▸ **TASK STATEMENT**: From the first line of the data below through the line bearing "Okay guys, it", reproduce each line exactly; do not include pictures.

▸ **MATERIAL PROVIDED**:
──────────────────────────────

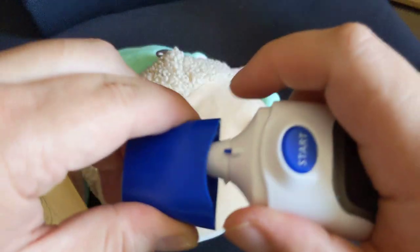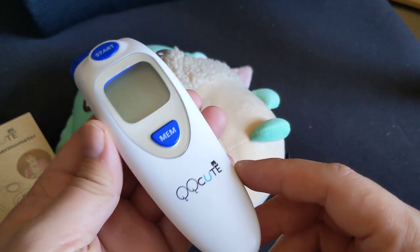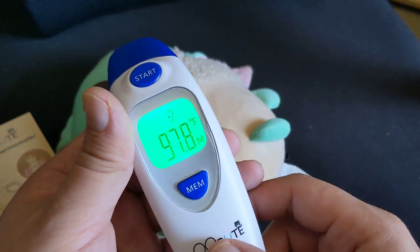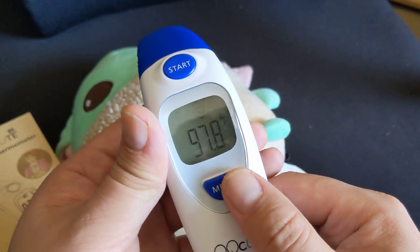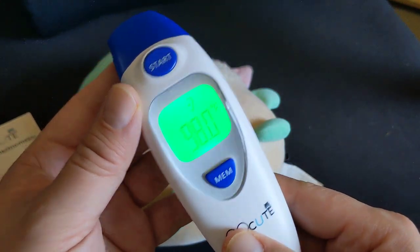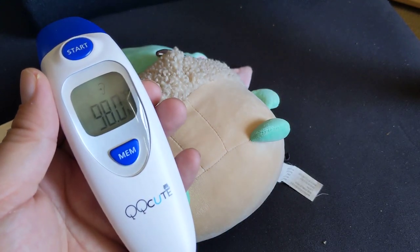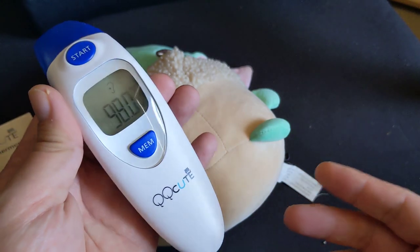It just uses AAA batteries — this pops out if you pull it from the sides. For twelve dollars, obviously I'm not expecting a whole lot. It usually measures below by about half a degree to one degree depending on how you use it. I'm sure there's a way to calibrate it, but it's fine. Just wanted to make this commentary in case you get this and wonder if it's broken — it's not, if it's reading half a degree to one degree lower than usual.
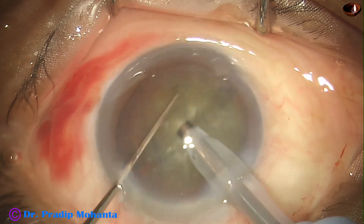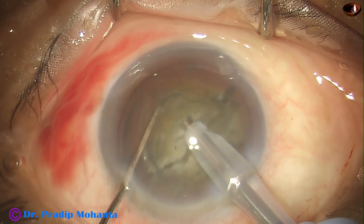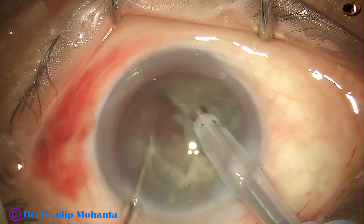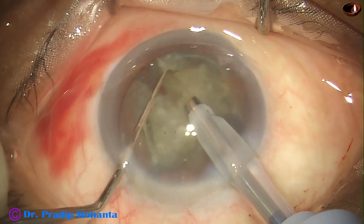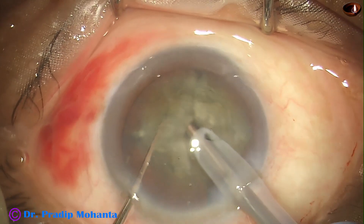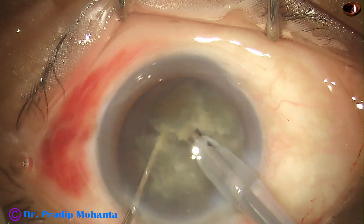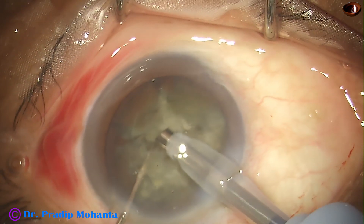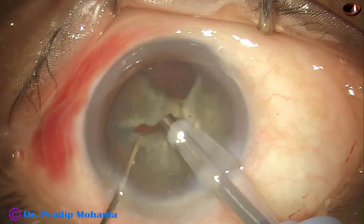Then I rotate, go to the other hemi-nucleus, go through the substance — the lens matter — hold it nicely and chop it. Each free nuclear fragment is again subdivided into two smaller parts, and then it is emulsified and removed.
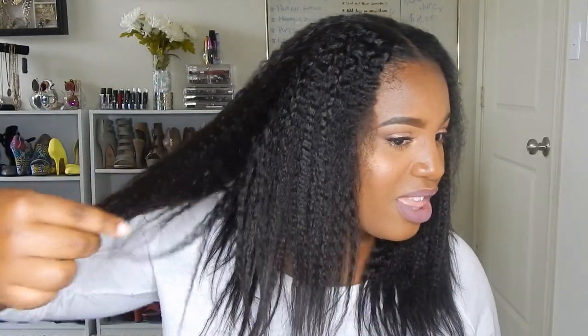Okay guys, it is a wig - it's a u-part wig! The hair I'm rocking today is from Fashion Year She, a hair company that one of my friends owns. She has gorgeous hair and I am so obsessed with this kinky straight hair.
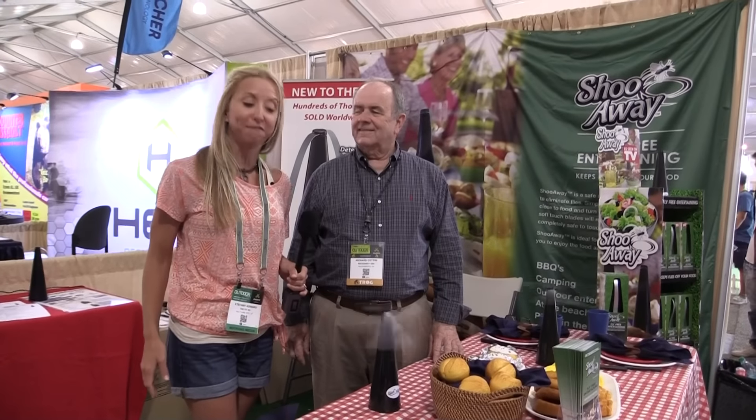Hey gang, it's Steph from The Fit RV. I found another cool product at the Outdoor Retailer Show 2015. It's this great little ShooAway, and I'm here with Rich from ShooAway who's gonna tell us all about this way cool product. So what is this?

──────────────────────────────

▸ **OUTPUT**:
It just uses AAA batteries — this pops out if you pull it from the sides. For twelve dollars, obviously I'm not expecting a whole lot. It usually measures below by about half a degree to one degree depending on how you use it. I'm sure there's a way to calibrate it, but it's fine. Just wanted to make this commentary in case you get this and wonder if it's broken — it's not, if it's reading half a degree to one degree lower than usual.
Then I rotate, go to the other hemi-nucleus, go through the substance — the lens matter — hold it nicely and chop it. Each free nuclear fragment is again subdivided into two smaller parts, and then it is emulsified and removed.
Okay guys, it is a wig - it's a u-part wig! The hair I'm rocking today is from Fashion Year She, a hair company that one of my friends owns. She has gorgeous hair and I am so obsessed with this kinky straight hair.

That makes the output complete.